Batch normalization
Closed this issue · 8 comments
Hello, Chelsea.
The batch normalization documentation says that this ops is not attached to the TensorFlow graph by default. So, there're two ways to force the updates during training:
- explicitly tell the graph to update ops in
tf.GraphKeys.UPDATE_OPS
- or set
updates_collections
parameter of batch_norm toNone
.
I don't see neither of those in the code. Maybe I'm missing something.
I haven't been able to make the first way work due to while cycle in map_fn
function. But the second modification is easy and seems to work. Although, I'm not sure I see any difference in performance.
I compute the test-time statistics using the test batch of data, instead of computing the average training statistics. This doesn't require keeping track of batch norm training statistics. [Note that train is always set to True when calling the batch_norm function, which means that tensorflow will compute the statistics using the current batch]
It's possible that it would work better by using training batch statistics, but I haven't tried it.
It's not the issue I'm talking about. See the Note from tf.contrib.layers.batch_norm
page
Note: when training, the moving_mean and moving_variance need to be updated. By default the update ops are placed in tf.GraphKeys.UPDATE_OPS, so they need to be added as a dependency to the train_op.
In other words, without these steps I wrote in the issue, moving_mean and moving_variance doesn't update at all (even during training). Again, maybe I'm missing some other way you're updating them.
You only need to update moving_mean and moving_variance if you use them. In this case, the batch norm statistics are being computed using the batch data rather than a moving average of the statistics (so they don't need to be updated).

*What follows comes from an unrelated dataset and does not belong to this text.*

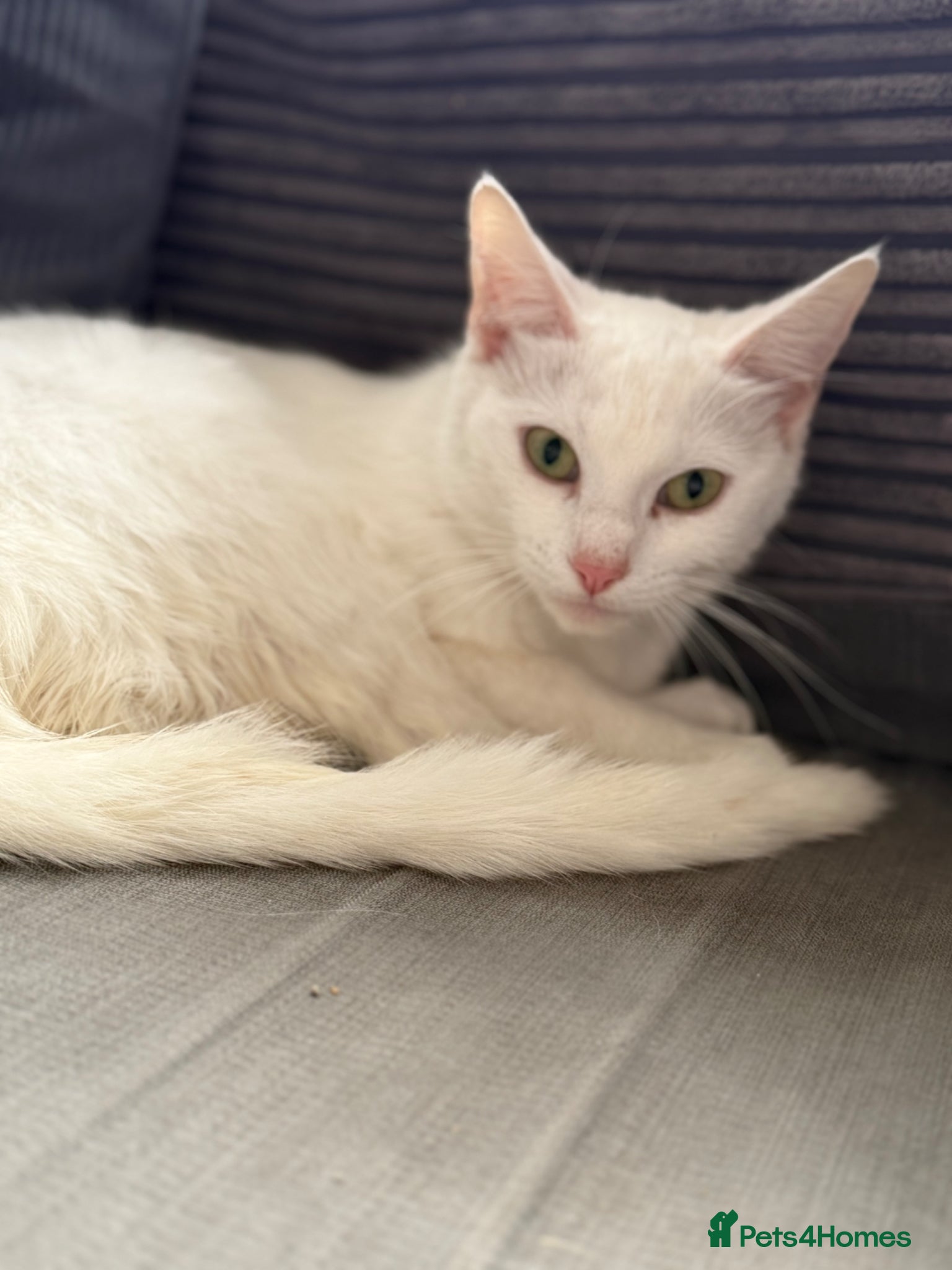 European cats for sale: £20-£50 kittens ready to go - Advert 10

OK. Indeed, they're needed only during testing.
Thanks.
@cbfinn, as you mentioned before,
I compute the test-time statistics using the test batch of data, instead of computing the average training statistics
This seems to be a bit of cheating especially on test-time. In general, we can assume evaluating only one sample at a time on test-time and then there is no way to get proper statistics for batch_norm. This means the test-set performance will partially dependent on the size of batch.
Hi, I see your approcach.
If I use moving average of the statistics by adding update_op into train ops, Then Need I set train=FALSE when testing use batch_norm function?